Produce immune to anti-inflation
According to a report by Statistics Korea yesterday, the country’s consumer price index rose 2.5 percent in April from a year earlier, slowing from a 2.6 percent on-year gain in March. The index itself, at 106 points, remained unchanged from March.
April’s reading marks the second straight month that Korea’s inflation has been in the 2 percent range.
“International oil prices began to drop from the end of March, and local oil prices began to reflect that change from mid-April,” said Ahn Hyung-jun from Statistics Korea’s prices statistics division. “We believe that this allowed inflationary pressure from the supply side to dissipate considerably.”
Core inflation, which excludes volatile oil and food costs, grew a modest 1.8 percent from a year earlier, decelerating slightly from a 1.9 percent on-year increase the previous month. The strong impact of new welfare projects were also felt in April.

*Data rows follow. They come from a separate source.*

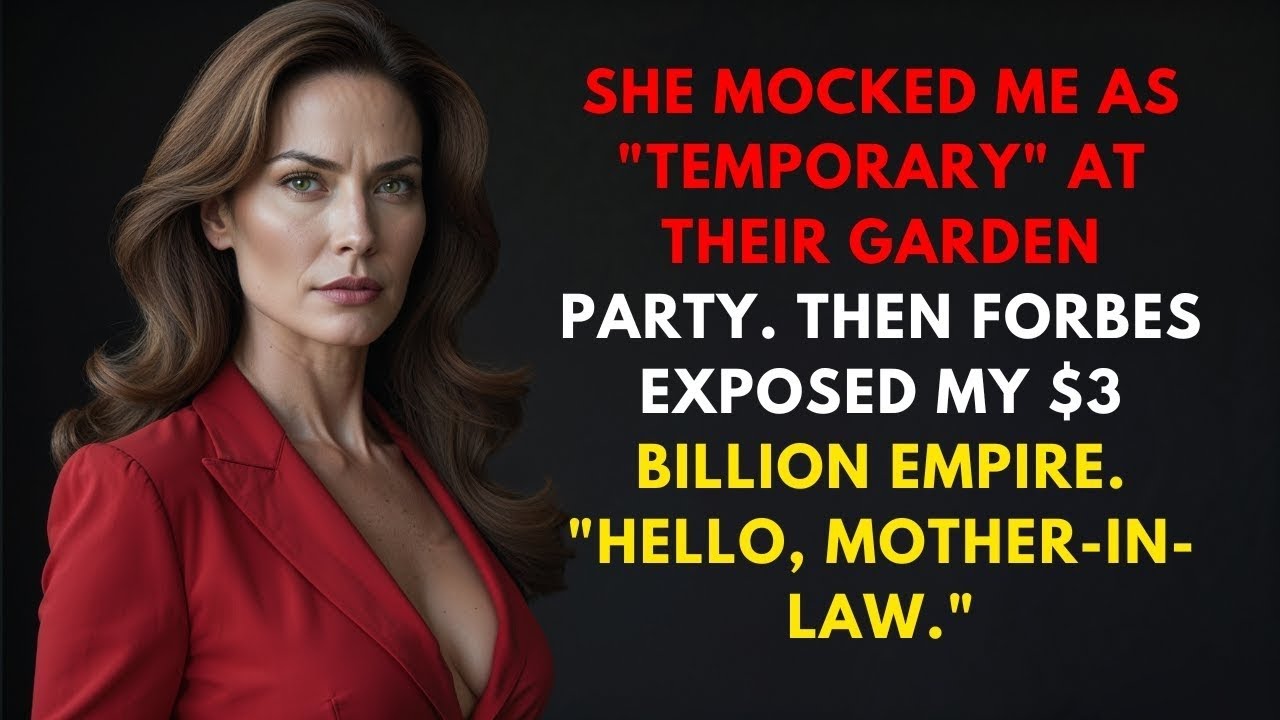 I Overheard My Husband Tell His Mom I Was 
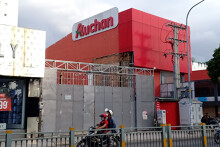 Vụ kiện của chuỗi siêu thị Auchan: Bên thuê mặt bằng chỉ phải mất tiền cọc 17,2 tỉ đồng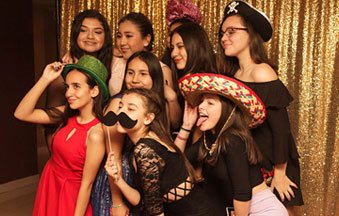 Foto foto Photo Booth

However, fresh produce prices proved a stubborn menace to consumers’ pocketbooks by jumping 6.9 percent on-year. Although increases in vegetable prices remained at 5.1 percent on-year, fruits such as apples jumped 12.1 percent overall from a year ago in April.
The Ministry of Strategy and Finance predicted that even though prices will be “largely stable” in the near future, the international price of oil, public utility fees and possible hikes in processed food prices could spark further inflationary pressure.
“We will strengthen efforts to stabilize the supply of farm products such as napa cabbages, pork and chicken, which are unstable,” said the ministry in a statement, adding that it will “refrain from raising public utility fees as much as possible” this year.